[[ GIVEN RECORDS open ]]

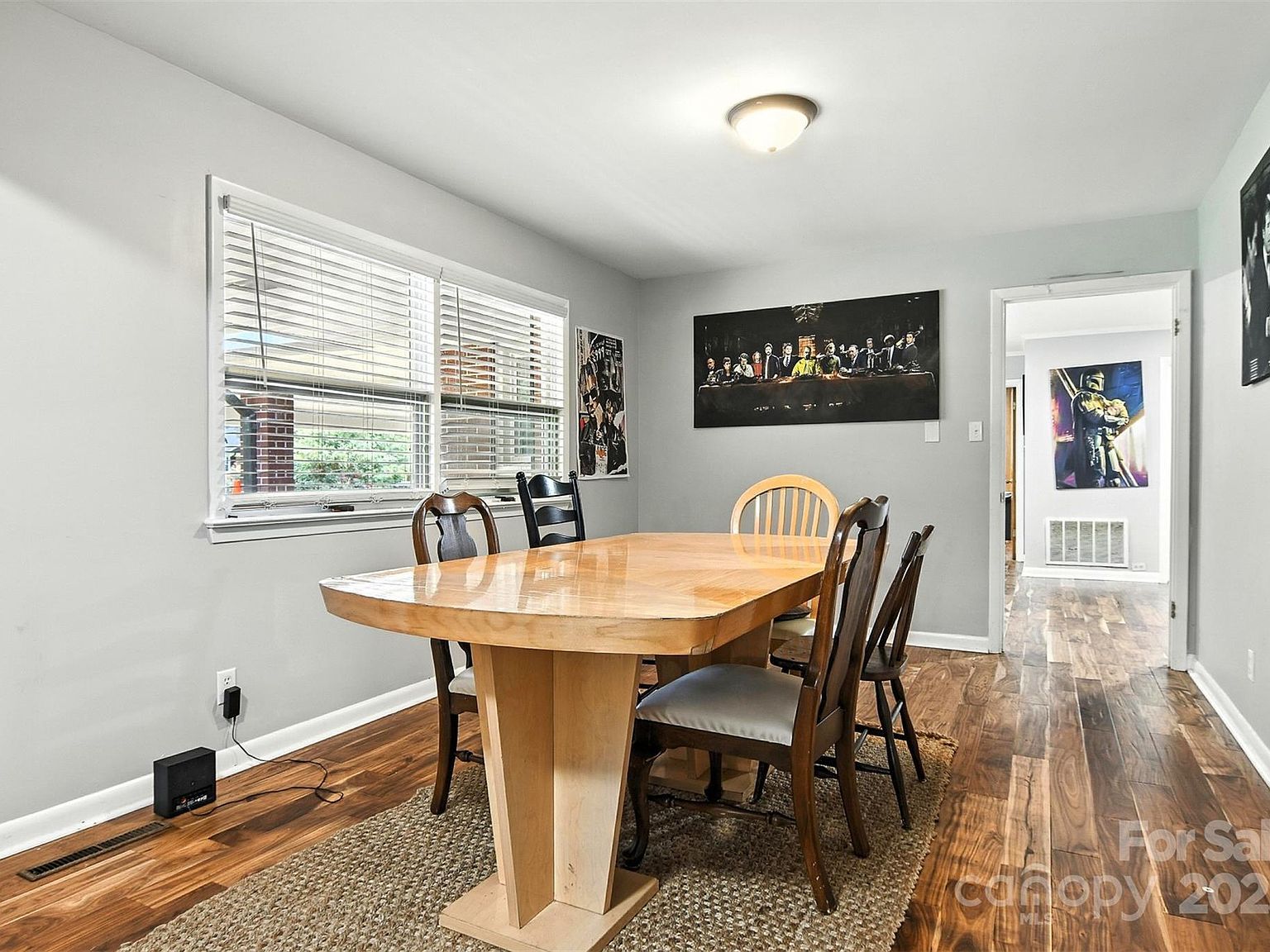 26 33rd Ave NW Hickory, NC 28601 - Thumbnail 5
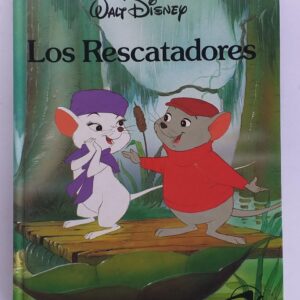 20210921111741 1.jpg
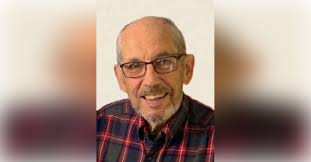 Obituary information for John E. Zook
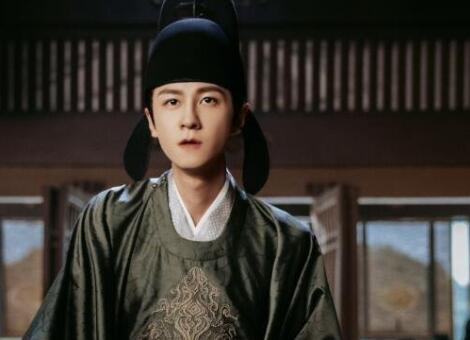 一念關(guān)山最大反派是誰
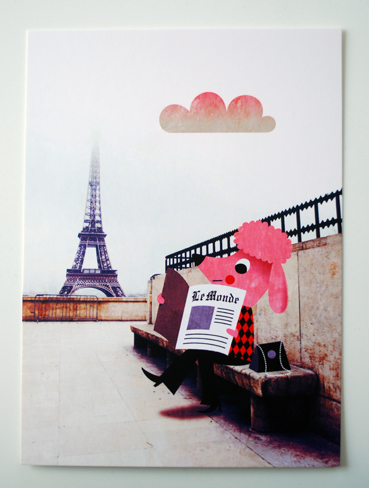 paris21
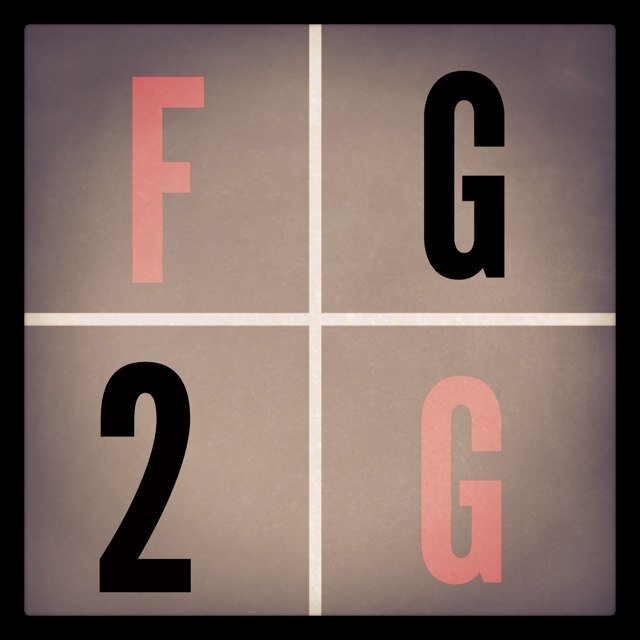 Global Lifestyle Health & News. Strategic Marketing & Litigation Communications Support. Subscribe to Fromgirltogirl: https://t.co/jwBSJ585w7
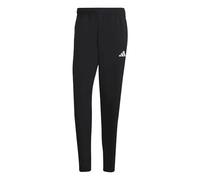adidas Homme Pants (1/1) Tiro 23 League Survêtement Tissé Bottoms Noir, Noir, IB5012, M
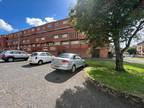 North Woodside Road, St. George's Cross, Glasgow, G20 2 bed maisonette to rent -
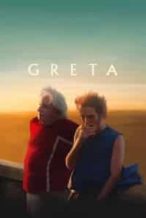 Nonton Film Greta (2019) Subtitle Indonesia Streaming Movie Download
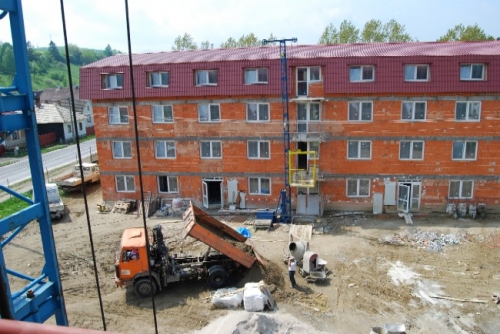 200806060823390.22_byty_plavnica_dsc_0036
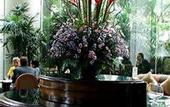 Туры в отель Century Park Hotel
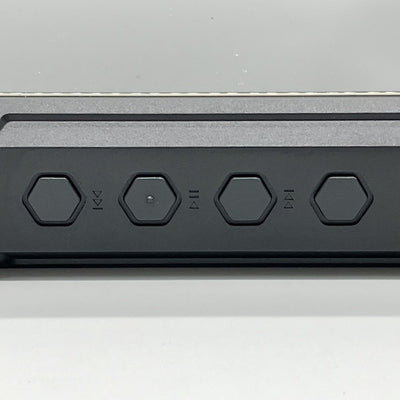 【中古】M17 【FIO-M17-B】【日本橋】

[[ GIVEN RECORDS closed ]]

The records above should be returned word for word, with every picture left out.

[WRITTEN ANSWER]:
 26 33rd Ave NW Hickory, NC 28601 - Thumbnail 5
 20210921111741 1.jpg
 Obituary information for John E. Zook
 一念關(guān)山最大反派是誰
 paris21
 Global Lifestyle Health & News. Strategic Marketing & Litigation Communications Support. Subscribe to Fromgirltogirl: https://t.co/jwBSJ585w7
adidas Homme Pants (1/1) Tiro 23 League Survêtement Tissé Bottoms Noir, Noir, IB5012, M
 North Woodside Road, St. George's Cross, Glasgow, G20 2 bed maisonette to rent -
 Nonton Film Greta (2019) Subtitle Indonesia Streaming Movie Download
 200806060823390.22_byty_plavnica_dsc_0036
 Туры в отель Century Park Hotel
 【中古】M17 【FIO-M17-B】【日本橋】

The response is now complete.